Steel vs alloy wheel weight

You would think that the name of the car “Impala” would give them a clue.
But they are also most likely well aware that it’s not really a donkey, they just like the term as a nickname for the car.

I think the car manufacturers like the ally wheels because it gives them unlimited styling options. On the lot, they look better than plain black steel wheels with cheezy plastic wheel covers…They also are very easy to recycle…Special purpose facilities buy them by the car-load from salvage yards and shred them into little nuggets which can be melted down in small smelters and used to make all kinds of things…As a side-bar, the civilian Crown Vics, Marques, Towns all came with classy alloy wheels…But the cop-cars all have heavy steel wheels…What does that tell you?

Here’s a puzzler for you. He made a copper shoe and said that it was still widely used in Britain yet. Why would you ever want to put such a soft metal shoe on a horse???

I’m impressed at the answers that you all gave to this puzzler. No answer was dumb and everyt one had a valid point.

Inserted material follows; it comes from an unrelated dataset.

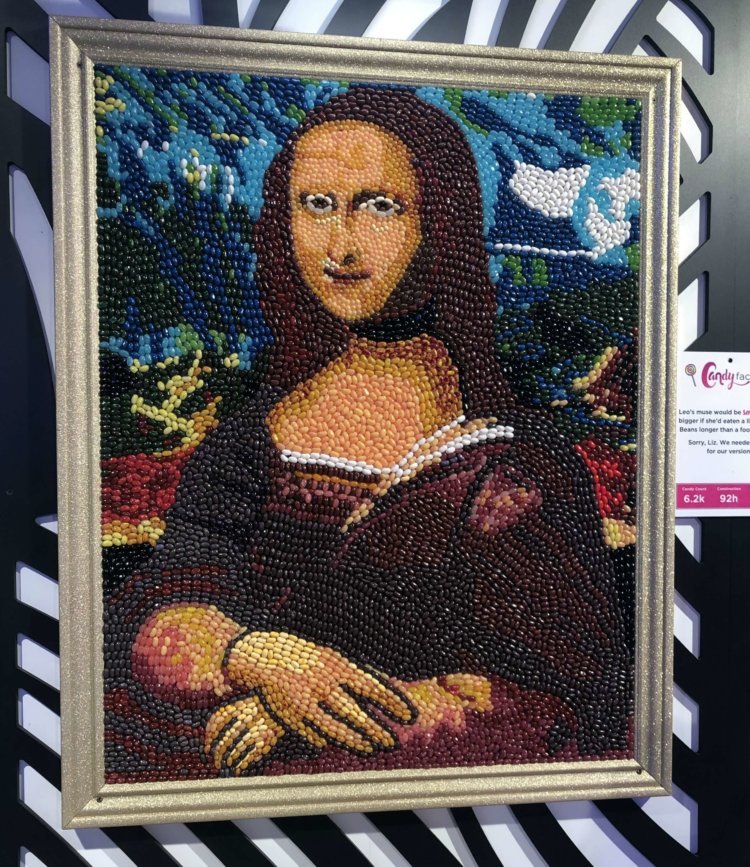 The Mona Lisa in candy!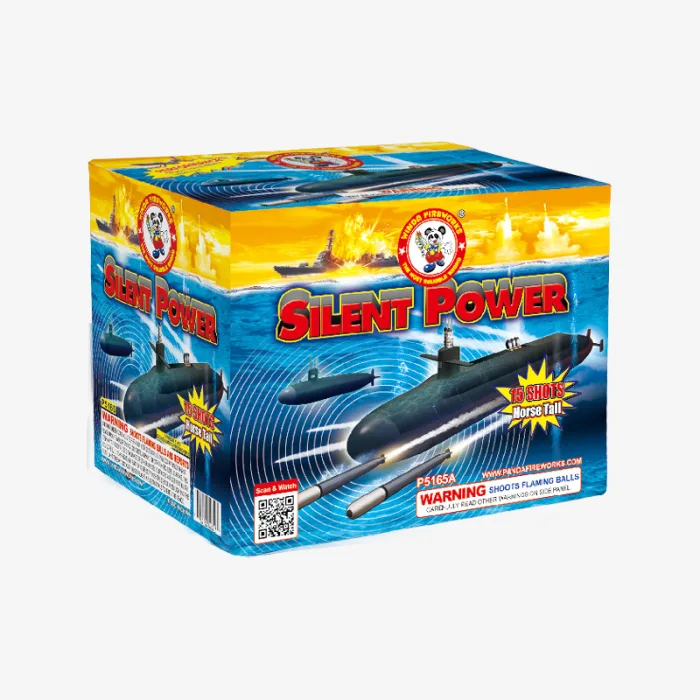 Silent Power (15 Shots) Straight-Firing Aerial Cake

In Britain, they have coal mines that have been in use…way before man came up with any machine to haul the coal carts from deep within the mine…to the surface. So many mine passages are too narrow or low ceiling for anything but small horses and donkeys
So they still rely on small horses and donkeys to pull these carts thru the mines.
With a copper shoe, if they kick a rock, they will not create a spark that could ignite gasses in the mine.

Thanks for playing along everybody with this off topic post.

yosemite

B.L.E., I was just pointing out that the person who said mild steel was pure steel was wrong, its just carbon content and temper that that make it mild.

semantics shmemantics…

@Mustangman:

The name "Donk" came from the Impala emblems on the car, it is short for donkey. Yeah, really, donkey! Hence the nickname "Donks"

Thanks for the explanation…I learned something! The only time I’d ever heard the term “donk” used before, it was a derogatory reference to a bad poker player. A donk, a donkey, a dumb beast/braying ass, etc. Thus, I kinda assumed “donk” was a derogatory term from outside the community, not the other way around.

Bringing it back to this topic, would aluminum (which is also non-sparking) horseshoes work? Then blacksmiths could sell “mag” horseshoes. :slight_smile:

Yes aluminum horseshoes would work, no spark. The “mag” in mag wheels refers to very early lightweight cast magnesium wheels (someone mentioned this already…)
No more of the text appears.